Because CI/CD and DevOps often go hand-in-hand, there can be some overlap in the metrics you use to evaluate their impacts. The key principle here: Track what actually matters to your organization. As Gordon Haff, technology evangelist, Red Hat, wrote previously about DevOps metrics: “A metric is properly thought of as a key performance indicator for data – a measurement that’s important to you in some fundamental way.”
[ Read the full article: DevOps metrics: Are you measuring what matters? ]
The same idea applies to your CI/CD pipeline: Make sure you know what’s important, not just to you but to the organization.
“Different members of an IT organization or team have different priorities, so it’s important to assess which data everyone wants and needs from the start,” Scharmen says.
Scharmen notes another related pitfall: Getting duped by data via misinterpreting it, confirmation bias, or other reasons. This applies not only to your ongoing measurement but to testing itself in your pipeline.
“Misinterpreting a test can be worse than not running one at all and can quickly negate the value of an experimentation by injecting uncertainty and fear into a process that’s meant to provide clarity and confidence,” Scharmen says.
Finally, don’t forget about your actual production application or service. CI/CD doesn’t actually come with a defect-free guarantee as code moves into production. You still need a feedback loop there.
“Avoid the pitfall of having automated the delivery of software from source code to end user but not automating the collection of live, passive feedback, either from end users or automated tests,” says Maxwell Bloch, consultant at Applied Information Sciences (AIS). “For example, instrument your application to provide telemetry and error occurrences. Many bugs will be detected earlier in the CI/CD process, but some bugs will only occur with real usage.”
3. Don't give people a way to bypass the CI/CD pipeline
Don’t enable team members to bypass the pipeline other than under the most extraordinary of circumstances. This can be particularly important if you’re dealing with skepticism or cultural stasis in the earlier stages of your shift to CI/CD.

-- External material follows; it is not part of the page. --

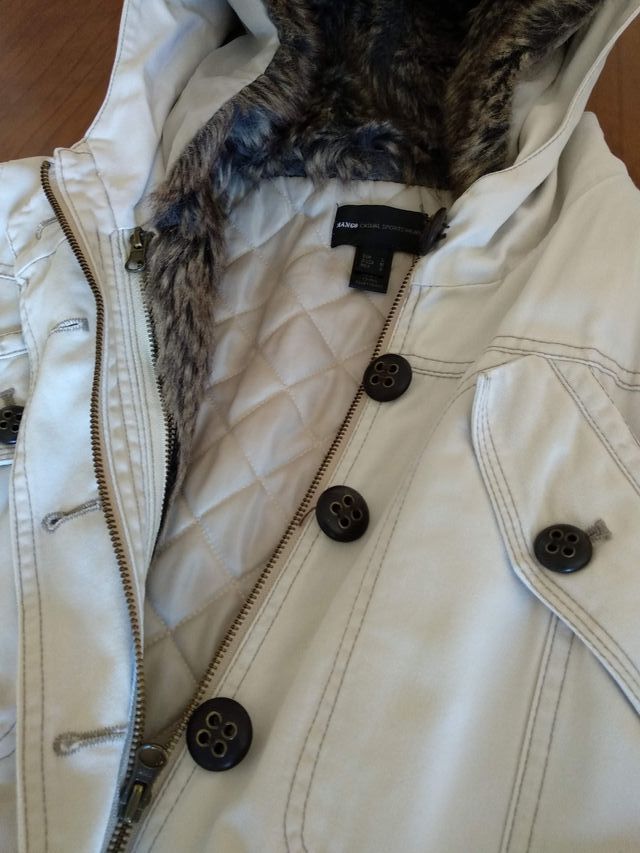 Abrigo y gabardina a la vez Mango talla 38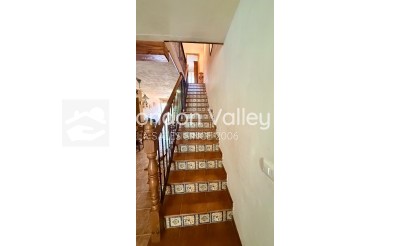 Resale - 2. Town house - El Canton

“If your CI/CD platform is not the only way, excluding an emergency break-glass method, to deploy code to your production environment, it will become tempting for teams to work around it when your testing [finds] code issues that are not easily solvable,” says Jerry Gamblin, principal security engineer at Kenna Security.
A promise of CI/CD is that it will enable application teams to move faster than before, but there may still be real reasons to slow down, and that can cause some frustration or feelings of failure. (This is another reason why cultural health is as important as technical decisions and architecture: A healthy culture can handle the speed bumps.)
You might automate your pipeline iteratively or in small chunks, and that’s fine. Similarly, you might build a CI/CD pipeline for a specific application team – also fine. But no matter your approach, don’t effectively give people the chance to opt out of your CI/CD pipeline if they decide it doesn’t suit them for some reason.